Entre sus esculturas las que más me impacto, se caracteriza por el desprejuicio con que fundía lo sagrado y lo cotidiano, tal como ocurría con su escultura de José Gregorio Hernández, que posa sus manos sobre los genitales. Y las pupilas de sus ojos se dirigen a esa parte del cuerpo, transmitiéndoles un acento expresionista y un toque humorístico, que sugiere al espectador: los santos también orinan. Los toques de picardía, y humor son parte de su lenguaje plástico.
El artista proyecta en sus esculturas, la mímica con que se comunica. Algunas de las categorías de su visión del mundo se mostraron al terminar de amarrar los becerros en el establo, se veía entre el estiércol, filos de cañuelas que parecían haber sido blancas, y por curiosear me ensucie las manos de bosta. Eran dos cuadros, uno del Niño de Atocha pintado en blanco sobre fondo gris, delineado con líneas fluidas de color negro, recostado sobre una calavera. Simbolizaba el ciclo del nacer y el morir, destino que todo ser humano.

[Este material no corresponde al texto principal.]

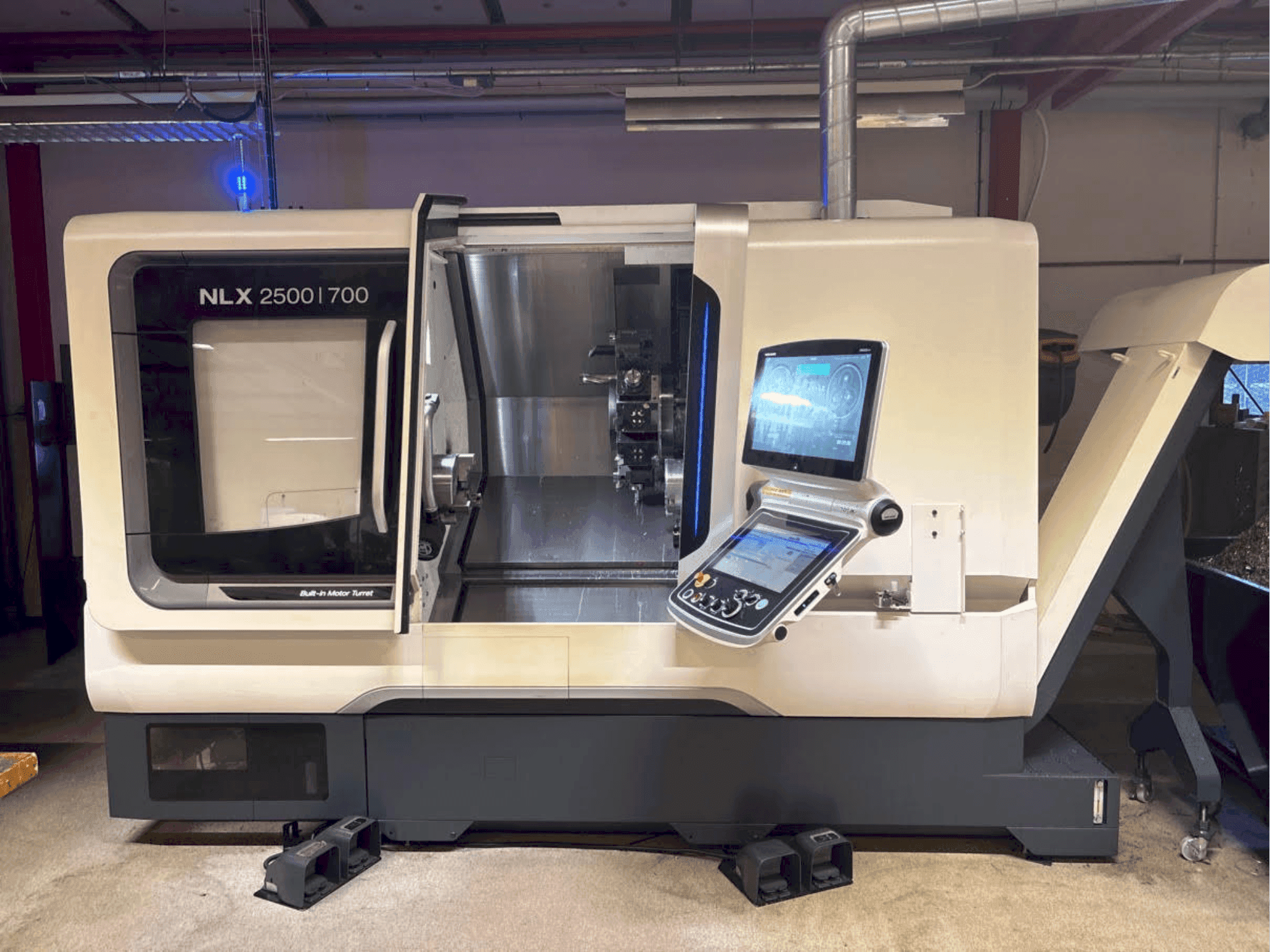 Makine DMG MORI NLX 2500-700 SY - Önden görünüm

El otro cuadro era una condenación, la limpió con un pañuelo, inmediatamente broto la fuerza del color y de las formas de la superficie pictórica. Me señaló que me llevara ese cuadro, que estaba centrado en el alma de una condenada en el infierno. No quiso tocarlo, posiblemente era su temor a la ira divina, y al pecado. Sus pinturas y tallas están dispersas a lo largo de nuestra geografía. El y su arte son una evidencia de como la Venezuela desconocida, se encuentra plena de voluntad creativa, ética y espiritual.